The high degree of neutral DNA polymorphisms of most Brassica species (Figdore et al. 1988) has facilitated the development of molecular linkage maps, with at least 15 described to date for B. oleracea (Slocum et al. 1990; Kianian and Quiros 1992; Lan et al. 2000), B. rapa (Song et al. 1991; Chyi et al. 1992; Teutenico and Osborn 1994), B. nigra (Lagercrantz and Lydiate 1996), B. Juncea (Cheung et al. 1997; Pradhan et al. 2003), and B. napus (Landry et al. 1991; Uzunova et al. 1995). Where common sets of DNA markers and/or parental genotypes have been used, it has been possible to designate linkage groups according to a common nomenclature (Parkin et al. 1995, 2005; Butruille et al. 1999; Sebastian et al. 2000). Thus for B. napus linkage groups N1–N10 representing the A genome correspond to B. rapa R1–R10, and linkage groups N11–N19 representing the C genome correspond to B. oleracea O1–O9. Bohuon et al. (1996) demonstrated that marker order and linkage group structure had been conserved between the diploid (B. oleracea) and amphidiploid (B. napus) C genomes. In this study, we generated a detailed linkage map using sequenced EST clones derived from tissue-specific libraries of B. rapa. To establish the identity of linkage groups corresponding to R1–R10, we used SSR markers from Suwabe et al. (2002) and Lowe et al. (2004).

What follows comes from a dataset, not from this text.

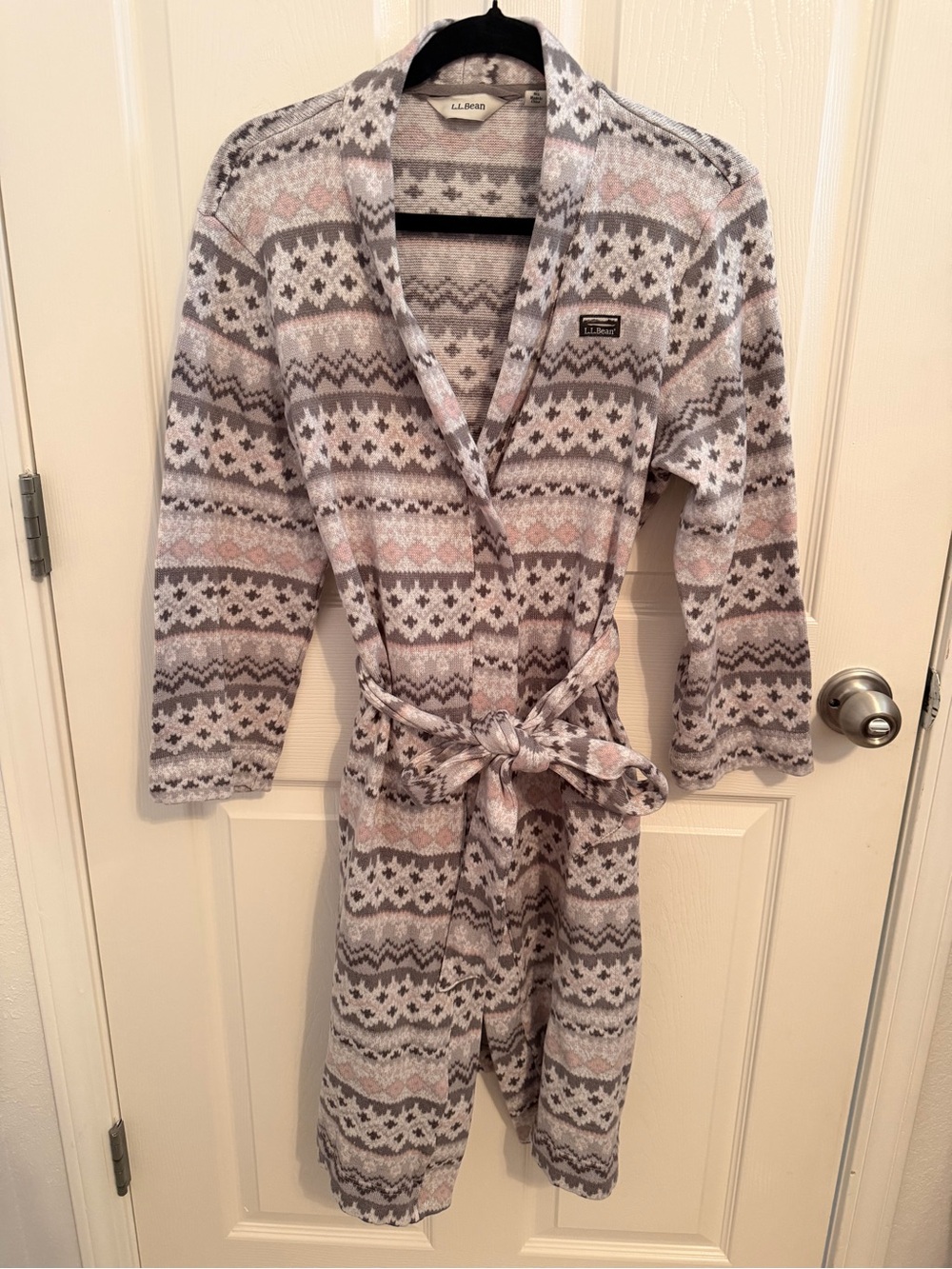 L.L. Bean Gray and Blush Geometric Shawl-Collar Robe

The Brassica genomes are closely related to the model plant Arabidopsis thaliana, diverging ∼20 MYA (Koch et al. 2001), and remain collinear. Comparative mapping of RFLP probes among the three diploid species B. rapa (n = 10), B. oleracea (n = 9), and B. nigra (n = 8) has suggested that genomes of the Brassica species are composed of three rearranged variants of an ancestral genome and descended from a common hexaploid ancestor (Lagercrantz and Lydiate 1996). All comparative studies of Arabidopsis and Brassica to date have revealed extensive duplications, with Arabidopsis segments being conserved an average of three times within the diploid Brassica genomes (Truco et al. 1996; Lan et al. 2000; Lukens et al. 2003; Parkin et al. 2005). Fiber–FISH mapping has been used to compare a 431-kb Arabidopsis BAC contig with B. rapa mitotic chromosomes (Jackson et al. 2000). Cytogenetic study using 21 Brassicaceae species revealed that the tribe Brassiceae comprising ∼240 species descended from a common hexaploid ancestor that has a similar genome to Arabidopsis (Lysak et al. 2005). Comparative genome analysis revealed that genes are reduced by deletion in the triplication blocks in the Brassica genome (O'Neill and Bancroft 2000; Rana et al. 2004; Park et al. 2005). Recently, we showed the sequence-level indel in four BAC clones that represent a triplicated and segmentally duplicated FLC region of B. rapa and are homologous with 125 kb of Arabidopsis chromosome 5 (Yang et al. 2006).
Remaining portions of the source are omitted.